Фауст в конце своего пути понял цену иллюзий: его мечты о власти были куплены ценой души, а земли, что он видел, остались пустыми. Заратустра смотрит на человека нищепанка и видит ту же утрату. "Сон золотой" здесь – не союз с дьяволом, а сделка с капиталом: человек отдал свою волю не за деяния, а за пиксели, за аватары, за виртуальные кроссовки, что пылятся в "Метавселенной". Техника, что могла бы стать топором в руках сверхчеловека, как у Хайдеггера, или машиной революции, как у Маркса, стала ширмой Мефистофеля, что скрывает пустоту за блеском.

В "Фаусте" дым рассеивается, и герой сталкивается с реальностью – пусть трагической, но подлинной. В нищепанке дым не уходит: он витает над ветряками, над экранами, над фабриками, что гудят ради иллюзий. Заратустра чувствует эту разницу: Фауст потерял мечту, но обрёл себя в борьбе; человек нищепанка потерял и то, и другое. Его сон золотой – не города и земли, а Марс Маска, что никогда не будет ближе, или "Метавселенная", что никогда не станет миром. Это мечты, что растворяются в дыму симулякров, оставляя лишь привкус пепла – не огня, а угасающего экрана.

Заратустра отворачивается от этого пейзажа. Ветряки гудят, уголь дымит, аватары мерцают, но "сон золотой" истаял, как мираж в пустыне. Гёте дал Фаусту шанс: его душа боролась, его воля пылала. Нищепанк такого шанса не даёт: здесь нет ни борьбы, ни огня – только дым, что заволакивает горизонт.
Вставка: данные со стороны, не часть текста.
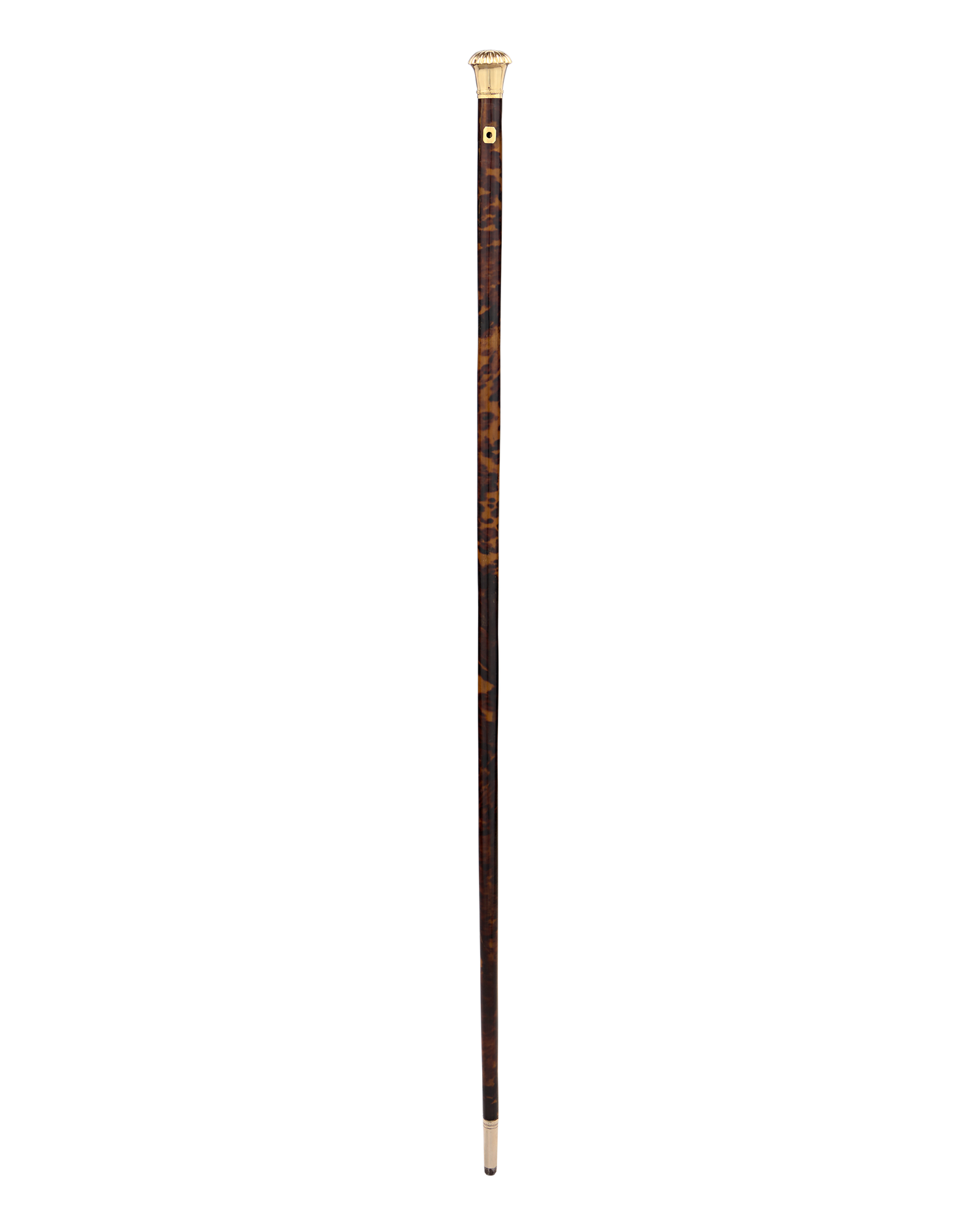 Tortoiseshell and Gold Knob Cane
Сверхчеловек не родился, киберпанк не наступил, бытие не раскрылось – мечты о величии растворились в серой мгле, где техника стала не орудием, а обманом. Заратустра идёт дальше, но дым следует за ним – тень несбывшегося, что витает над миром, где даже Фауст остался бы лишь зрителем, глядящим на угасающий свет своих иллюзий.

II. Кризис капитализма

XX век начался с рёва машин и гудков заводских труб – мир дрожал от мощи стали, что гнула природу под волю человека. Фабрики вставали, как титаны, их дым рисовал на небе карту нового порядка: уголь, нефть, пар, электричество – всё это было не просто топливом, а кровью капитализма, что обещал изобилие и силу. Но к концу столетия этот рёв стих, сменившись шорохом цифр на экранах, треском лопнувших пузырей и эхом несбывшихся надежд. От индустриальной мощи, что возносила небоскрёбы и прокладывала рельсы через континенты, капитализм скатился к финансовым миражам, где богатство рождается не из труда, а из воздуха, растворяясь в дыму, как "сон золотой" Фауста. Это путь, что привёл к нищепанку – эпохе, где прогресс стал тенью, а капитал – фетишем без плоти.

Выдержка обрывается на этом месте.